> _THE PROBLEM_: Report every line of the records that contains the word "Roman".
[[ RECORD EXTRACTS open ]]
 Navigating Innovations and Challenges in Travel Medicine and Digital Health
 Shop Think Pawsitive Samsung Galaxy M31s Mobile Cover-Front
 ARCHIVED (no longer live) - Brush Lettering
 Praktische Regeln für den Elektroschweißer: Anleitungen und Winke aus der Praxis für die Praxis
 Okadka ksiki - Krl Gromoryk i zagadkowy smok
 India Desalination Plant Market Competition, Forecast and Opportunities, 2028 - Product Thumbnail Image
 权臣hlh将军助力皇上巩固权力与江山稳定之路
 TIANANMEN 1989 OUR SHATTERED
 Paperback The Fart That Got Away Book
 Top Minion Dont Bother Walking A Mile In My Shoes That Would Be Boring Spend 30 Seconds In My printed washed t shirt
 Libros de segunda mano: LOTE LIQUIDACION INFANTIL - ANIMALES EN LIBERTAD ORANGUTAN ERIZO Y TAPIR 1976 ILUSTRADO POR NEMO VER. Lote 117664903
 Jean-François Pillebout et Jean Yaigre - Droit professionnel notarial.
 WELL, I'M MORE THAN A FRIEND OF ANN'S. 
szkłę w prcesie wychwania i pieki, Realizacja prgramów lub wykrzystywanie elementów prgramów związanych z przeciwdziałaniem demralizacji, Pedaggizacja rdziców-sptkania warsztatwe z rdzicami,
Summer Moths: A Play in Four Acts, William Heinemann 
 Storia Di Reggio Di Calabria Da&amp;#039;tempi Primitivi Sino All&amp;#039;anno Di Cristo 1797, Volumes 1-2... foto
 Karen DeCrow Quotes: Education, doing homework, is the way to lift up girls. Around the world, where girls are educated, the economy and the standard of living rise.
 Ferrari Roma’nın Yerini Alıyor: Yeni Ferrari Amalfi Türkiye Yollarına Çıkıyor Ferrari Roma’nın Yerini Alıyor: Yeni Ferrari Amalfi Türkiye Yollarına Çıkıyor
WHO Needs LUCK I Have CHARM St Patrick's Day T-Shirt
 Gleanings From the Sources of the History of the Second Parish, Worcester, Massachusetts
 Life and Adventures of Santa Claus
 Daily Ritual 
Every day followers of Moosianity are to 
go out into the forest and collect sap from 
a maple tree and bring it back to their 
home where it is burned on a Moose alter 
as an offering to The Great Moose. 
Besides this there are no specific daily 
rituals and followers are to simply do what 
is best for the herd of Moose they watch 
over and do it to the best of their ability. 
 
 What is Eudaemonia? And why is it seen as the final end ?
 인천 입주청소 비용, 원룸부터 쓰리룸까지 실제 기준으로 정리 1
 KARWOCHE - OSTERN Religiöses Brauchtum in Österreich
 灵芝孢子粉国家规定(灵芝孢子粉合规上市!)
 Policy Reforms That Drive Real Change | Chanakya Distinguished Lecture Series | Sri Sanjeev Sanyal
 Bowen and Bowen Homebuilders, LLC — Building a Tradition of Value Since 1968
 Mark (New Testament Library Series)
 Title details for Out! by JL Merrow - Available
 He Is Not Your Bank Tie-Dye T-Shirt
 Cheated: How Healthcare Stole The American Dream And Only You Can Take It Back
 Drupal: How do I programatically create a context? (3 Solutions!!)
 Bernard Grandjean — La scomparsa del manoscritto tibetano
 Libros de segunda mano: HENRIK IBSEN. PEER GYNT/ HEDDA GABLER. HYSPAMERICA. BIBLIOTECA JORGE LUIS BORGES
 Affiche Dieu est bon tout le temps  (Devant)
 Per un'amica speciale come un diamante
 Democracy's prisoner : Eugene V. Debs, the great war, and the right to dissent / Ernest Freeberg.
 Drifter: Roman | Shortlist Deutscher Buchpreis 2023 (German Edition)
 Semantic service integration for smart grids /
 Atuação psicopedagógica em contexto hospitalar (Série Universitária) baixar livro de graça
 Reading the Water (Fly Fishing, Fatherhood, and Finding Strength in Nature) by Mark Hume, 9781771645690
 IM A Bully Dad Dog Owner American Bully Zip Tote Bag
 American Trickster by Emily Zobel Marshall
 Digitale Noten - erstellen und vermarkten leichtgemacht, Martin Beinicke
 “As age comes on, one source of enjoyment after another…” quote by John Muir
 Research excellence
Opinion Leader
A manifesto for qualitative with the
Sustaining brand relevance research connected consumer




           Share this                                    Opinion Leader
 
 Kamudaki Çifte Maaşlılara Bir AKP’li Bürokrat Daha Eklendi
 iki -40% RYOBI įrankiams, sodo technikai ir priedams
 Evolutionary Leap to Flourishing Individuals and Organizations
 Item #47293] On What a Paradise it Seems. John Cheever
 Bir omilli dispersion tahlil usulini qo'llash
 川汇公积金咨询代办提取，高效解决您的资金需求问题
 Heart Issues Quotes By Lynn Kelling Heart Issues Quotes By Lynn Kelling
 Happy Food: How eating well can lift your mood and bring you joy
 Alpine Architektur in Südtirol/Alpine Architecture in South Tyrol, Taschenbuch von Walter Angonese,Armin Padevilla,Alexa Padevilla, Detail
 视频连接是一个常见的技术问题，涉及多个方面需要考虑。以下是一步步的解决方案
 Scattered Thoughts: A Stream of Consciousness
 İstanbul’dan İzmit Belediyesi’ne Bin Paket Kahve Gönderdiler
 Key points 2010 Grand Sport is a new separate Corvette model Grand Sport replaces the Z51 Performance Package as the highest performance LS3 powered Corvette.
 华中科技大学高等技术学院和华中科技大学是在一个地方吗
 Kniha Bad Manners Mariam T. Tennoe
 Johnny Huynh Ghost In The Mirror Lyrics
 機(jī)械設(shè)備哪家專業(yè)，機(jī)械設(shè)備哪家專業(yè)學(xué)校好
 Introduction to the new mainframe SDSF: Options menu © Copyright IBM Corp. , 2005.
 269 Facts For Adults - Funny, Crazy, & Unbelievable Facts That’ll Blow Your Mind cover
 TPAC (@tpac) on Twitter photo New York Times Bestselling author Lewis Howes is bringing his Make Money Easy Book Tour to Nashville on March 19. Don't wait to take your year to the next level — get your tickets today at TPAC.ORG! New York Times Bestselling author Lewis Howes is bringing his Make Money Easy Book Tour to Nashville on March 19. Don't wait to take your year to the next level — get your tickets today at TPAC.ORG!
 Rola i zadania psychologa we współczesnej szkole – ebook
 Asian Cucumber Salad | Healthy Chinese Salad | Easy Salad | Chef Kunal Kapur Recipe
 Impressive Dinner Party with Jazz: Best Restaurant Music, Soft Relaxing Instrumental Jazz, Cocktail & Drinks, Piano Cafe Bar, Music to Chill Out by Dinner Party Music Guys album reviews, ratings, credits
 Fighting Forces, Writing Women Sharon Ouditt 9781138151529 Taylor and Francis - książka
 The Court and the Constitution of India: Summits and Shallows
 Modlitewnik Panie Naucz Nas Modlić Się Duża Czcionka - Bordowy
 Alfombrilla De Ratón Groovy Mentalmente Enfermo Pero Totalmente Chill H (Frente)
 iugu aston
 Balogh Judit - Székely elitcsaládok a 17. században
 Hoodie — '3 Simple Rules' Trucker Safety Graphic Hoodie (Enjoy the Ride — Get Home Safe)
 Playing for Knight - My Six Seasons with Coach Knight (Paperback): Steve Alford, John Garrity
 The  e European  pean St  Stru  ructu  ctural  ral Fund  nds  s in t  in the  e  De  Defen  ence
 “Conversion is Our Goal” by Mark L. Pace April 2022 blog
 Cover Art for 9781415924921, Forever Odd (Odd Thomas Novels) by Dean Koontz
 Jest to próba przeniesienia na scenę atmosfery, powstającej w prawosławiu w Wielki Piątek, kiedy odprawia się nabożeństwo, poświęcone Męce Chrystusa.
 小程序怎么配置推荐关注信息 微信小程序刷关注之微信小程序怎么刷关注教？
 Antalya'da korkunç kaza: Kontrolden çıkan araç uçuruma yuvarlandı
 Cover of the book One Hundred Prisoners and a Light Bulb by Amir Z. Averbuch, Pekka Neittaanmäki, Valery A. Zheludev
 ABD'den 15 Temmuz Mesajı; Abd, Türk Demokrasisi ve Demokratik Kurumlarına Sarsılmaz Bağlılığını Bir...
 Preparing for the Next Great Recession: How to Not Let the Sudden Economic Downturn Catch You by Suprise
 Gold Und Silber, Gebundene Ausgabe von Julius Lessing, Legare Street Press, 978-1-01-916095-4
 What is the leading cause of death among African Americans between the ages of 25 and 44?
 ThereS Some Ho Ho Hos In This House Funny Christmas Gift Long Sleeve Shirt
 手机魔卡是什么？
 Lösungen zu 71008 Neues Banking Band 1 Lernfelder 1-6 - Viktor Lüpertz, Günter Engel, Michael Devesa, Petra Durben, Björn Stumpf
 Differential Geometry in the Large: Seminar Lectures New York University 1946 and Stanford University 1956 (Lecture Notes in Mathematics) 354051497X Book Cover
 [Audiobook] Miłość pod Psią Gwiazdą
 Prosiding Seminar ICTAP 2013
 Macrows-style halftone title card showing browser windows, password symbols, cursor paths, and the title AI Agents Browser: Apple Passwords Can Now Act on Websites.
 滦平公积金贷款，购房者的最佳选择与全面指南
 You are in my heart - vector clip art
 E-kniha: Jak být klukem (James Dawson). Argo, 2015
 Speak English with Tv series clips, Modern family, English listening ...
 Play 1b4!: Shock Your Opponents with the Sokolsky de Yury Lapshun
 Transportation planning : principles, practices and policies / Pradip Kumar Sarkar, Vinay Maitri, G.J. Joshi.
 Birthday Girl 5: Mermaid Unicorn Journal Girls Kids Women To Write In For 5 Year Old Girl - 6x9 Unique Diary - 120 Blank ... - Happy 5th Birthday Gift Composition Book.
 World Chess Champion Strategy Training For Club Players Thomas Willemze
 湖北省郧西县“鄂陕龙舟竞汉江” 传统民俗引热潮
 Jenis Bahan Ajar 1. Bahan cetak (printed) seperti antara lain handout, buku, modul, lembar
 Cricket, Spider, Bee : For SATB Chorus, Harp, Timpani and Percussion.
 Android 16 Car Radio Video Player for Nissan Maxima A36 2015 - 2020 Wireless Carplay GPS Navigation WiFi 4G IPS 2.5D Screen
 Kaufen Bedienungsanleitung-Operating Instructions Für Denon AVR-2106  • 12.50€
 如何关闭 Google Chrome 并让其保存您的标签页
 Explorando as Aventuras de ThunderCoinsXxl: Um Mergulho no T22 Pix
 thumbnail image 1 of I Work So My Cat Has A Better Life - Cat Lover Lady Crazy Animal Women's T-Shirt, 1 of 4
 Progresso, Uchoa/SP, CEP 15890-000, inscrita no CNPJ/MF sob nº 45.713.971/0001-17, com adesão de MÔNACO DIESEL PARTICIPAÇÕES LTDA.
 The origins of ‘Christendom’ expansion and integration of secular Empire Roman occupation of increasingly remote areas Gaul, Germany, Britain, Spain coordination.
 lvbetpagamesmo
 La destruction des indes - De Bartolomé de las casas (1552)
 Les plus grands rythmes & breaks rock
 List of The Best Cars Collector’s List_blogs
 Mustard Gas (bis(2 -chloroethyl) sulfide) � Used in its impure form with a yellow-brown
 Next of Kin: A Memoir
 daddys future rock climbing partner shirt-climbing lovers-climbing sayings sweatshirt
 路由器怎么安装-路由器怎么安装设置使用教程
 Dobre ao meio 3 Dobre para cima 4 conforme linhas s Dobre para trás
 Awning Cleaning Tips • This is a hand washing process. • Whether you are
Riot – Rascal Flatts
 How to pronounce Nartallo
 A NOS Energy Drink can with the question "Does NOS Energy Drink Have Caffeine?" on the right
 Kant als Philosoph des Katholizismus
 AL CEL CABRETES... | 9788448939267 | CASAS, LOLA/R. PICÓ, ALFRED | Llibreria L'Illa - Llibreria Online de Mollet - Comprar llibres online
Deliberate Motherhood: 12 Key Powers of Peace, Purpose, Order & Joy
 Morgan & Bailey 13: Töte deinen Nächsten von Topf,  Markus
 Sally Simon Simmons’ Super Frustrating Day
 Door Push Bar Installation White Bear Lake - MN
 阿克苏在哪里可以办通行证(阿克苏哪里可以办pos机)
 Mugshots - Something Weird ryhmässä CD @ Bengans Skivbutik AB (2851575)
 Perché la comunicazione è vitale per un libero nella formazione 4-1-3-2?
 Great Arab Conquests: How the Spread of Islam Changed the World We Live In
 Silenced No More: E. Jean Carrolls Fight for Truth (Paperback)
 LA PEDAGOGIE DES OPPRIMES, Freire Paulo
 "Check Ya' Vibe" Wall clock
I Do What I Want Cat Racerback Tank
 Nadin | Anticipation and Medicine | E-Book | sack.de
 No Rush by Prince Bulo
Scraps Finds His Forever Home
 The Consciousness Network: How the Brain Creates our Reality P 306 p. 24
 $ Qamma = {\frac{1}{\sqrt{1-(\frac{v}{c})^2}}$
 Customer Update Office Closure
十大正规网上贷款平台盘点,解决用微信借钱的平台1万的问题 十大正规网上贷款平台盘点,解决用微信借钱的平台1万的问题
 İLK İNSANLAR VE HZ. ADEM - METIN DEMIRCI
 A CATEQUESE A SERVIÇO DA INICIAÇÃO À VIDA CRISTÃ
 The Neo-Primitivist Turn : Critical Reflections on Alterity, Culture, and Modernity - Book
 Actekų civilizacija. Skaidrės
[[ RECORD EXTRACTS closed ]]
> _PROBLEM SOLUTION_:
 Drifter: Roman | Shortlist Deutscher Buchpreis 2023 (German Edition)
 The origins of ‘Christendom’ expansion and integration of secular Empire Roman occupation of increasingly remote areas Gaul, Germany, Britain, Spain coordination.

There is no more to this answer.